Nie sądzę, by AI kiedykolwiek w pełni wyparło artystów w jakiejkolwiek dziedzinie – próby komponowania muzyki czy pisania książek przez maszyny dobitnie dowiodły, że cyfrowe modele (przynajmniej na razie) nie potrafią przekazać głębi, niuansu i metafory, nie mówiąc o przekazie wyrażanym sztuką. Jeśli jednak chodzi o wyroby bardziej rzemieślnicze… cóż, artyści za kilka lat mogą być w tarapatach, gdy nagle okaże się, że nie trzeba zatrudniać grafika do stworzenia materiałów promocyjnych, a wystarczy z grubsza naszkicować pomysł w programie, a AI zajmie się resztą.
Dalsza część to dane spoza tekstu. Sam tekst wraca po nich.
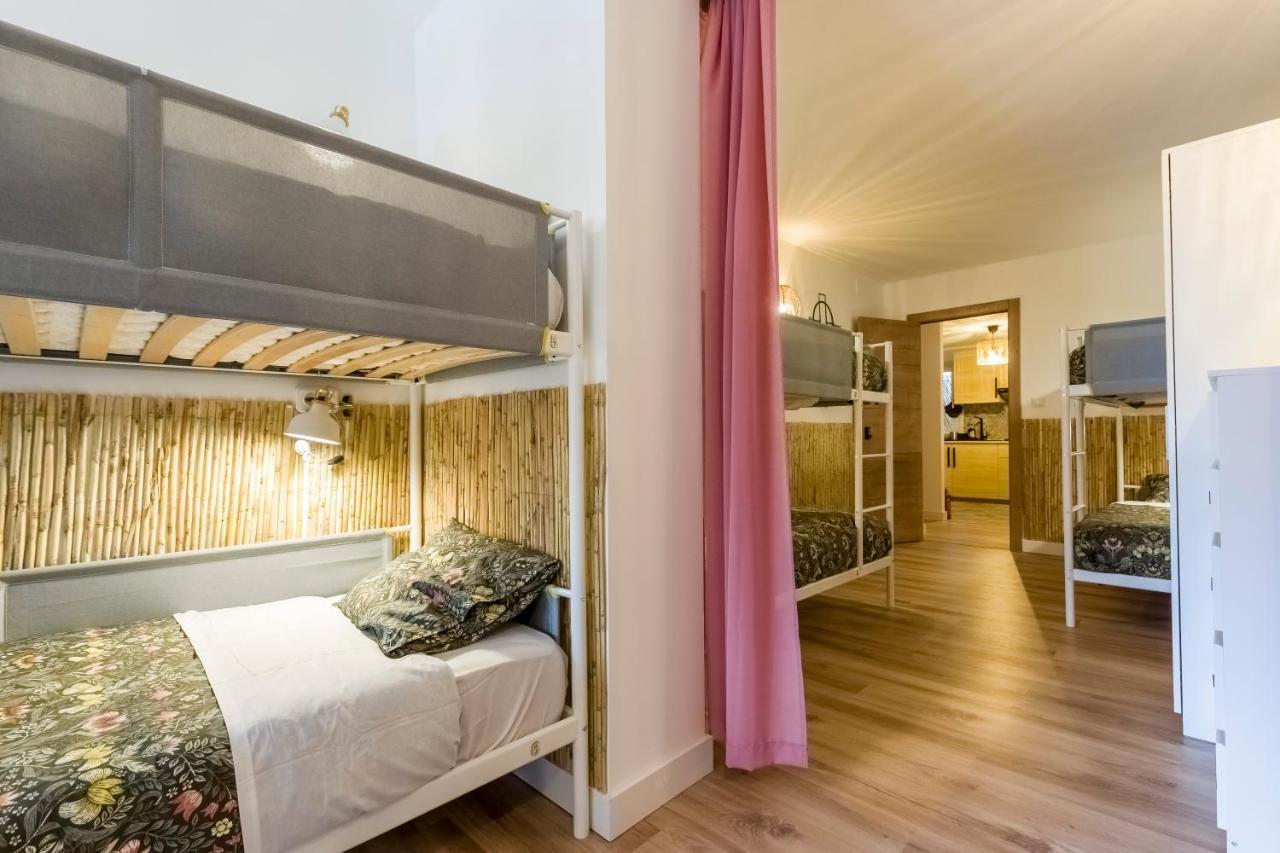 Posto Letto in Dormitorio con 10 Letti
Ta przyszłość jednak jest jeszcze daleko przed nami. Póki co oprogramowanie Nvidia Canvas zostało udostępnione w wersji beta. Już dziś można je pobrać ze strony Nvidia Studio. Do jej działania wymagane są karty graficzne firmy Nvidia z serii RTX. Oczywiście nie jest to zastępstwo dla programów graficznych, ale warto poświęcić chwilę tej aplikacji, by zobaczyć, jak potężne możliwości już dziś daje nam sztuczna inteligencja.